Good goal: “Run 10 miles every week”
Bad goal: “Start a blog”
Good goal: “Write 300 words every day”
2. Find someone to blackmail you
Your blackmailer will hold you accountable throughout the duration of the challenge by checking in daily. That being said, don’t choose pushover who will tolerate your excuses. Your best option is someone who knows you but is rather indifferent: maybe a coworker or a neighbor.
3. Set the stakes
Now, you’ll decide the consequences if you slip up or fail. This should be fun for the blackmailer, but scary for you. If you’re placing a monetary bet, you should put up at least 1% of your annual pretax income. This means:
$30,000 pre-tax income → wager $300 or more
$50,000 pre-tax income → $500 or more
$75,000 pre-tax income → $750 or more
$100,000 pre-tax income → $1,000 or more
If you really want to put your back against the wall, take this a step further and commit to sending the money to a cause you hate. Are you liberal? Pledge your money to the NRA. Conservative? Pledge it to Planned Parenthood.
There’s no limit to how creative you can get here, as long as the punishment is costly enough to make you squirm.

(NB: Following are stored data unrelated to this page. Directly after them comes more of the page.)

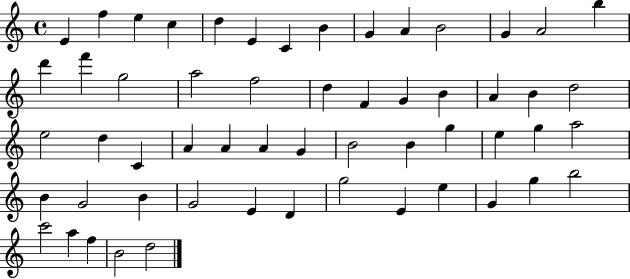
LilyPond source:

{
  \clef treble
  \time 4/4
  \defaultTimeSignature
  \key c \major
  e'4 f''4 e''4 c''4 | d''4 e'4 c'4 b'4 | g'4 a'4 b'2 | g'4 a'2 b''4 | \break d'''4 f'''4 g''2 | a''2 f''2 | d''4 f'4 g'4 b'4 | a'4 b'4 d''2 | \break e''2 d''4 c'4 | a'4 a'4 a'4 g'4 | b'2 b'4 g''4 | e''4 g''4 a''2 | \break b'4 g'2 b'4 | g'2 e'4 d'4 | g''2 e'4 e''4 | g'4 g''4 b''2 | \break c'''2 a''4 f''4 | b'2 d''2 | \bar "|."
}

4. Make a contract and cut the check
Write out your agreement and make sure you and your blackmailer both sign it. Here’s a template to follow:
If I don’t [insert task] by [specific date], I will [insert punishment].
Now, fork over the money to your blackmailer. It’s crucial that you exchange the money up front so you’re not tempted to call it quits halfway through the challenge.
Want your money back? Reach your goal.
Purpose facilitates action. It’s incredibly difficult to justify pain, discomfort, and sacrifice without anything at stake. Waking up early, working out, and making money sound great in theory, but if there are no tangible consequences for abandoning those commitments, it makes falling off the wagon seem like no big deal.
Sheer willpower isn’t enough to curb complacency. With the stakes raised, however, your energy will rise to the occasion.